Buffer overflows are detected by Pistachio indirectly during rule checking. Recall that when Pistachio sees a write to an array that it cannot prove is in-bounds, then it kills facts about the array. Thus sometimes when we investigated why a conclusion was not provable, we discovered it was due to an out-of-bounds write corresponding to a buffer overflow. For example, consider the code in Figure 12, which is taken from LSH version 0.9.1 (slightly simplified). While checking this code, we found a violation of the fourth rule in Figure 7, as follows. At statement 1, Pistachio assumes the hypothesis of this rule, including that the wantreply flag (corresponding to in[15]) is set, and that the message is for TCP forwarding. Under these assumptions, Pistachio reasons that the true branch of statement 4 is taken. But then line 5 performs a strcpy into laddr, which is a fixed-sized locally-allocated array. The function getstrfield() (not shown) extracts a string out of the received message, but that string may be more than 17 bytes. Thus at the call to strcpy, there may be a write outside the bounds of laddr, and so we kill facts about laddr. Then at statement 7, we call create_forwarding(), which expects laddr to be null-terminated--and since we do not know whether there is a null byte within laddr, Pistachio determines that create_forwarding() might return false, causing us to return from this code without executing the call to fmsgsend in statement 13.

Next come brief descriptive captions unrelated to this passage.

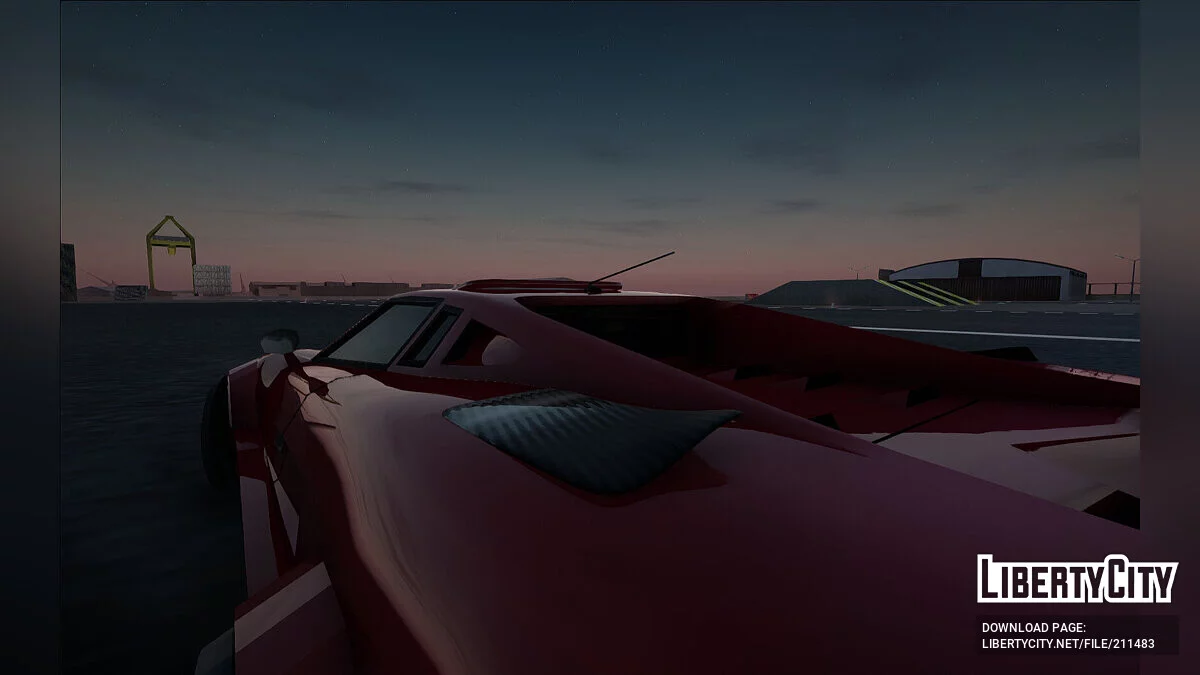 Vapid RG21 / GTA San Andreas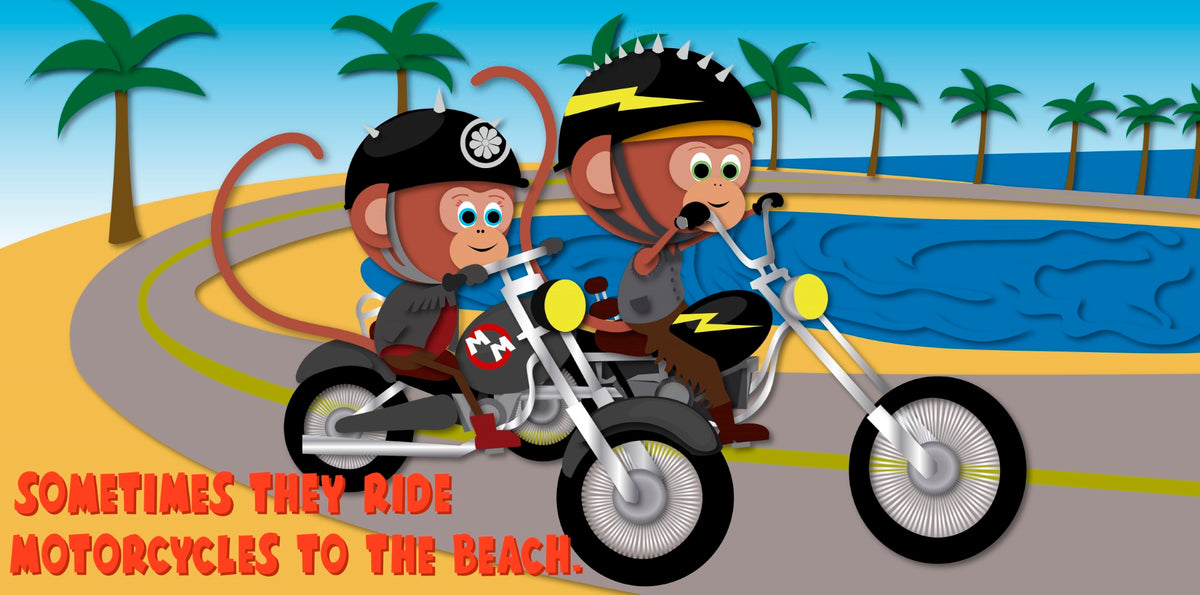The Adventures of Mimi and Moto: The Motorcycle Monkeys
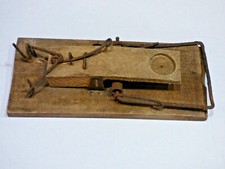  tapette à rat "Le Merveilleux" fabrication française pour usage ou collection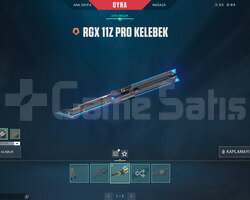 RGX 11Z PRO KELEBEK VE YAĞMACI VANDAL TR HESAP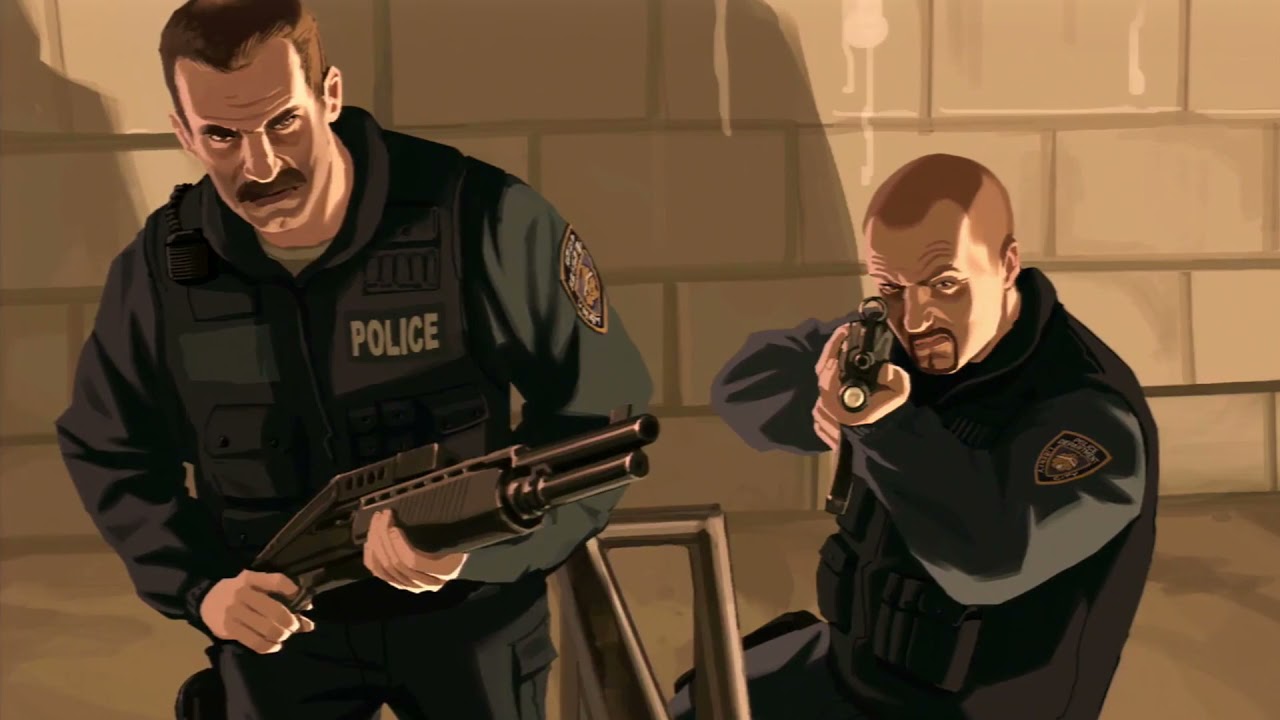 GTA IV - Loading Screens (Console + PC Version)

In this case, if Pistachio had been able to reason at statement 5 that laddr was null-terminated, then it would not have issued a warning. Although the return statement 8 might seem be reachable in that case, looking inside of create_forwarding(), we find that can only occur if LSH runs out of ports, and our model for library functions assumes that this never happens. (Even if an ill-formed address is passed to create_forwarding(), it still creates the forwarding for 0.0.0.0.) On the hand, if create_forwarding() had relied on the length of laddr, rather than it being null-terminated, then Pistachio would not have reported a warning here--even though there still would be a buffer overflow in that case. Thus the ability to detect buffer overflows in Pistachio is somewhat fragile, and it is a side effect of the analysis that they can be detected at all. Buffer overflows that do not result in rule violations, or that occur in code we do not analyze, will go unnoticed.

Figure 13: Sample library call bug
\begin{figure}\scriptsize 1.~\textit{fmsgrecv}(clisock,inmsg,SSH2\_MSG\_CHANNEL\...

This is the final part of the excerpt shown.